Late 1138-early 1139
- Zengi captures Bizaah, Maarrat al-Nu'man and al-Atharib.
1139
- Spring. A Sicilian fleet accompanies Patriarch Ralph back to Antioch. Raymond forbids him to enter the town and the Patriarch settles in the County of Edessa.
- Earthquake destroys al-Atharib and Zardana.

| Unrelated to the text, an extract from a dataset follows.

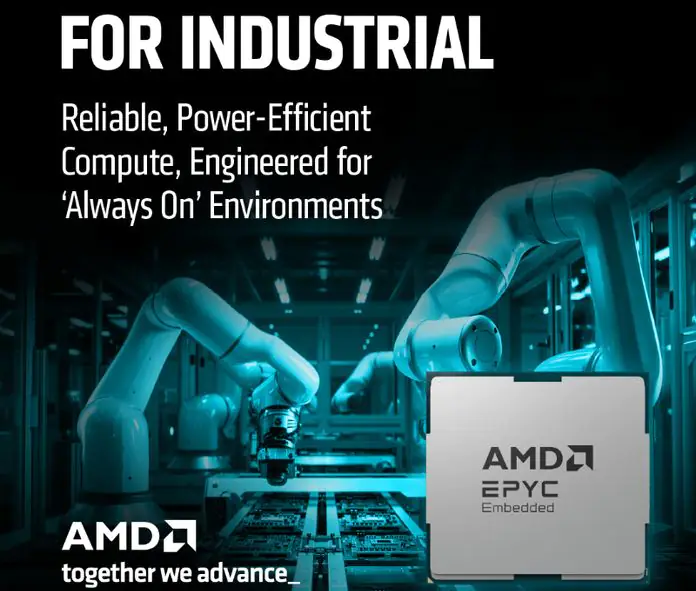 AMD EPYC Embedded 5th Gen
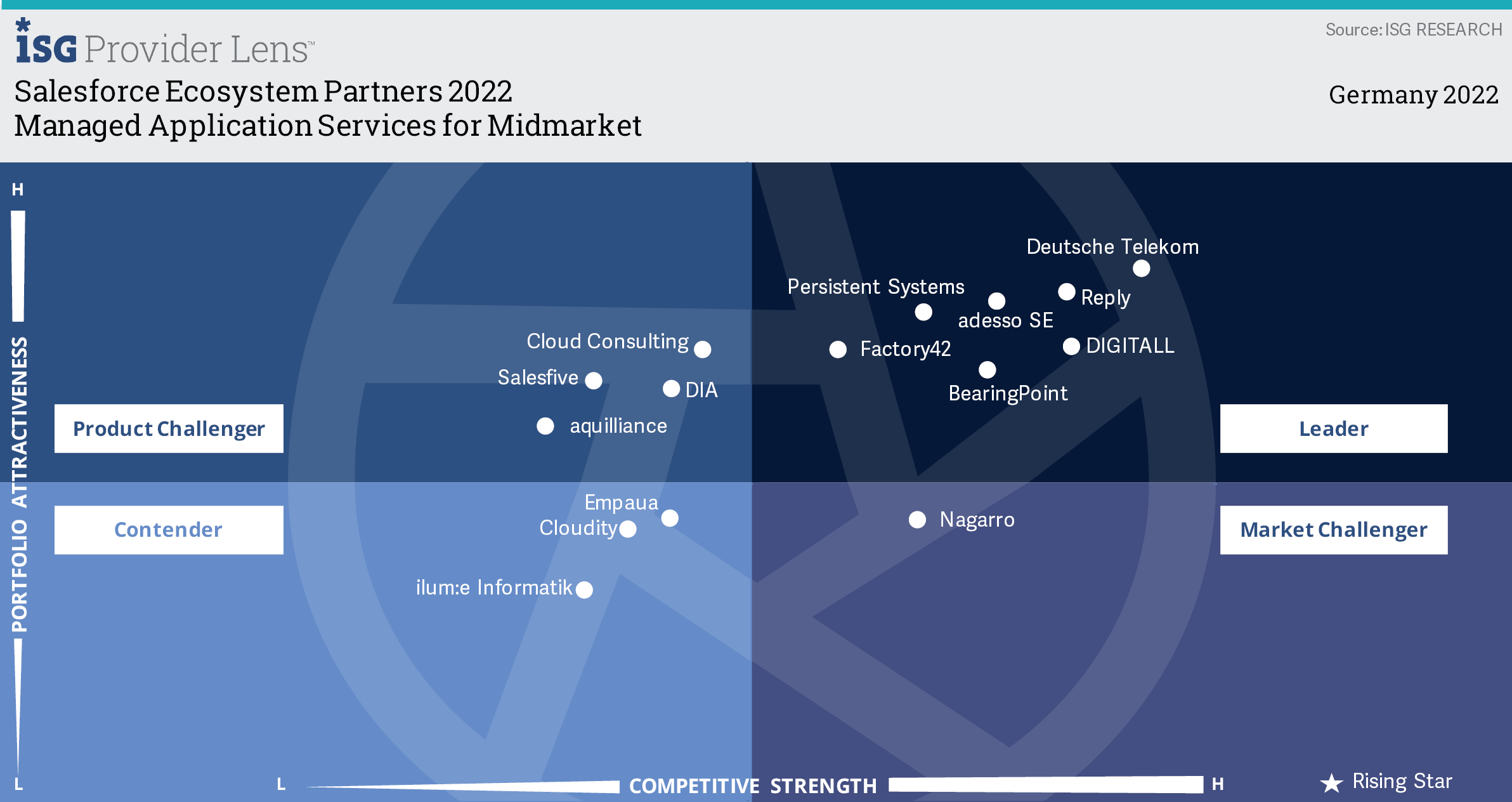 ISG Provider Lens Salesforce Ecosystem Partners 2022 Managed Application Services Midmarket. DIGITALL is identified as a leader in the quadrant.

- Sawar invades the principality, but Raymond overcomes him.
1140
- December 2. A synod convoked by the papal legate, Alberic of Ostia, deposes Patriarch Ralph and elects Aimery of Limoges as patriarch.
1140/1141
- Turkomans launch a pillaging raid against the principality.
1141
- Antiochene troops pillage Kafartab and Sarmin. Sawar and Turkomans raid the principality as far as the gates of Antioch.
1142
- Invading forces from Aleppo rout Antiochene troops near Harim and at the Iron Bridge.
- September–October. John II leads his forces to northern Syria and demands Antioch from Raymond. Byzantine troops pillage the suburbs of Antioch before they withdraw to winter in Cilicia.
1143
- April 8. John I dies in hunting accident in Cilicia.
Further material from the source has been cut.